What someone does or does not believe about the future stems from even more foundational parts of their worldview. A person who is rationalistic can understand the evidential probability or logical possibility of future events without pretending like he or she knows which of the numerous possible events will actually occur, and non-rationalists will instead believe that specific future events will happen on the arbitrary grounds of emotion, persuasion, or mere perception or desire. How people react to false predictions will likely reflect whatever irrationality is in the rest of their worldview, as in the case of how the typical kind of non-rationalistic Christian dismisses the logical possibility of human-spurred climate disaster because of inaccurate predictions while not treating the Second Coming the same way.

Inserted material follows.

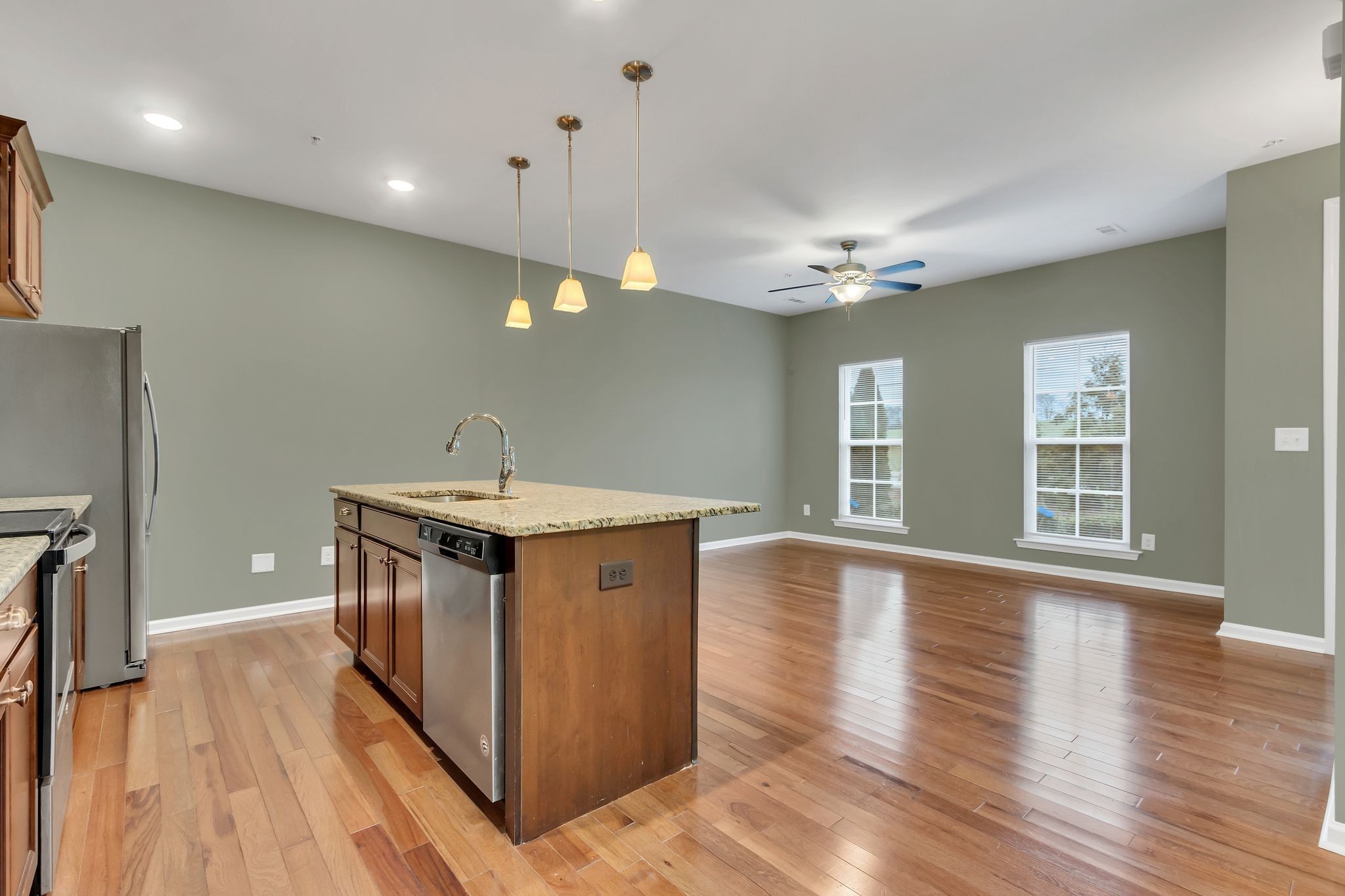 305 Dursley Lane Spring Hill, TN 37174 - Photo 11 of 25 a kitchen with stainless steel appliances granite countertop a sink a stove a refrigerator and a oven with wooden floor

The Second Coming of Jesus might have been predicted falsely many times throughout church history, but it does not logically follow that there will be no Second Coming at all. Whether Jesus is divine or whether he will return are metaphysical issues that are not dictated by whether fools across history claimed or even privately believed they knew when the return of Christ would occur. Many Christians would agree with this, but not on the basis of strictly logical necessity, agreeing that false predictions of the Second Coming do not mean Christianity is false only because they are emotionalistically attached to Christianity already, not because they recognize how the invalidity of Christian eschatology does not logically follow from idiots making such claims. The same is true of environmental disaster of human origin.

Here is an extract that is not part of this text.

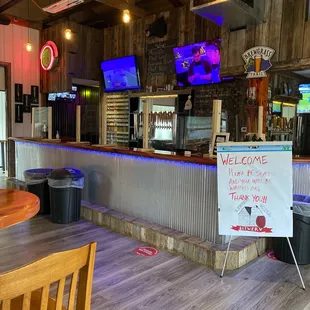 a welcome sign in the bar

Irregardless of whether human-caused climate change leads to some sort of catastrophe, the truth of the matter will not depend on if some environmentalists, like some Christians, made assumptions and proclaimed errors out of misguided zeal. The way evangelical Christians tend to react to this as opposed to the false dates for Christ's return shows that they are very willing to overlook false predictions when they are made by other evangelicals. It is not hard to see in the individual cases of climate alarmism and Christian eschatology that there is no such thing as knowledge, as opposed to assumptions, of when major events will happen. It is not difficult to see that any fool could believe or assert that an event is right around the corner when there is no way they could prove it.

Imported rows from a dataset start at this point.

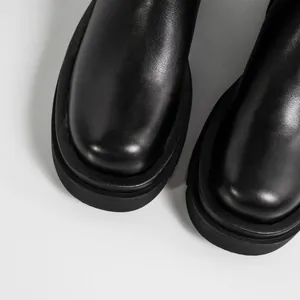 Primer plano de botas de cuero negro con punta redonda, textura premium y suela gruesa.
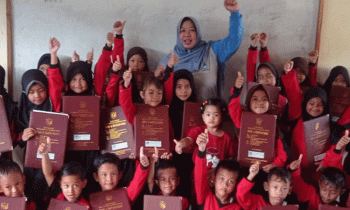 Seorang guru SDN 4 Ketapang Asykuriah berfoto bersama para siswanya sambil menunjukan rapor masing masing Jumat 23 Desember 2022.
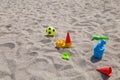 children's toys on the beach sand against turquoise sea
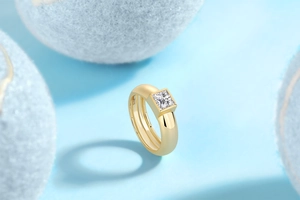Macro shot of 18K gold plated S925 silver ring featuring a square cut moissanite stone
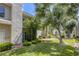 Exterior view of the building surrounded by a green lawn and mature trees at 6250 W Flamingo Rd # 43, Las Vegas, NV 89103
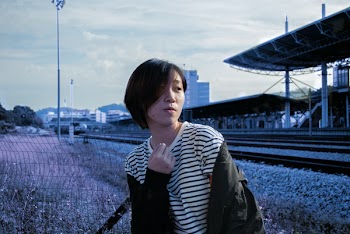 Lady in White Pinstripe Scoop-neck Shirt and Black Jacket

Non-rationalists are certainly prone to fallacies no matter which ones they end up holding onto. So very easily, fallacious beliefs involve the hypocrisy of treating different groups of people as if one of them is not in the wrong for having epistemological or moral errors. This hypocrisy could take the form of conservatives criticizing liberals for the misandry they also embrace just as it could take the form of evangelical Christians, who are often also conservatives, thinking that failed promises of ecological disaster invalidate all strands of environmentalism while ignoring the similarities to how they treat the Second Coming. Insincerity and its more important cousin irrationality are what convince them to have such distinct philosophical standards in their metaphysical ideologies, epistemological frameworks, and moral stances.